23 Model basics (TBD)

23.1 Introduction

The goal of a model is to provide a simple low-dimensional summary of a dataset. In the context of this book we’re going to use models to partition data into patterns and residuals. Strong patterns will hide subtler trends, so we’ll use models to help peel back layers of structure as we explore a dataset.

However, before we can start using models on interesting, real, datasets, you need to understand the basics of how models work. For that reason, this chapter of the book is unique because it uses only simulated datasets. These datasets are very simple, and not at all interesting, but they will help you understand the essence of modelling before you apply the same techniques to real data in the next chapter.

There are two parts to a model:

  1. First, you define a family of models that express a precise, but generic, pattern that you want to capture. For example, the pattern might be a straight line, or a quadratic curve. You will express the model family as an equation like y = a_1 * x + a_2 or y = a_1 * x ^ a_2. Here, x and y are known variables from your data, and a_1 and a_2 are parameters that can vary to capture different patterns.

  2. Next, you generate a fitted model by finding the model from the family that is the closest to your data. This takes the generic model family and makes it specific, like y = 3 * x + 7 or y = 9 * x ^ 2.

It’s important to understand that a fitted model is just the closest model from a family of models. That implies that you have the “best” model (according to some criteria); it doesn’t imply that you have a good model and it certainly doesn’t imply that the model is “true”. George Box puts this well in his famous aphorism:

All models are wrong, but some are useful.

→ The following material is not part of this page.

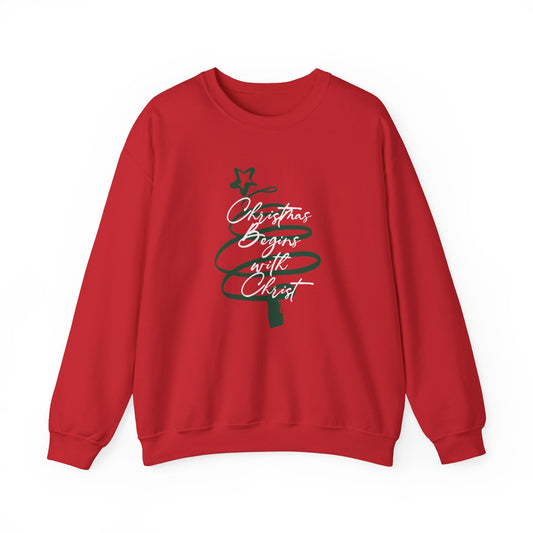 Christmas Begins with Christ Unisex Sweatshirt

It’s worth reading the fuller context of the quote:

Now it would be very remarkable if any system existing in the real world could be exactly represented by any simple model. However, cunningly chosen parsimonious models often do provide remarkably useful approximations. For example, the law PV = RT relating pressure P, volume V and temperature T of an “ideal” gas via a constant R is not exactly true for any real gas, but it frequently provides a useful approximation and furthermore its structure is informative since it springs from a physical view of the behavior of gas molecules.

For such a model there is no need to ask the question “Is the model true?”. If “truth” is to be the “whole truth” the answer must be “No”. The only question of interest is “Is the model illuminating and useful?”.

The goal of a model is not to uncover truth, but to discover a simple approximation that is still useful.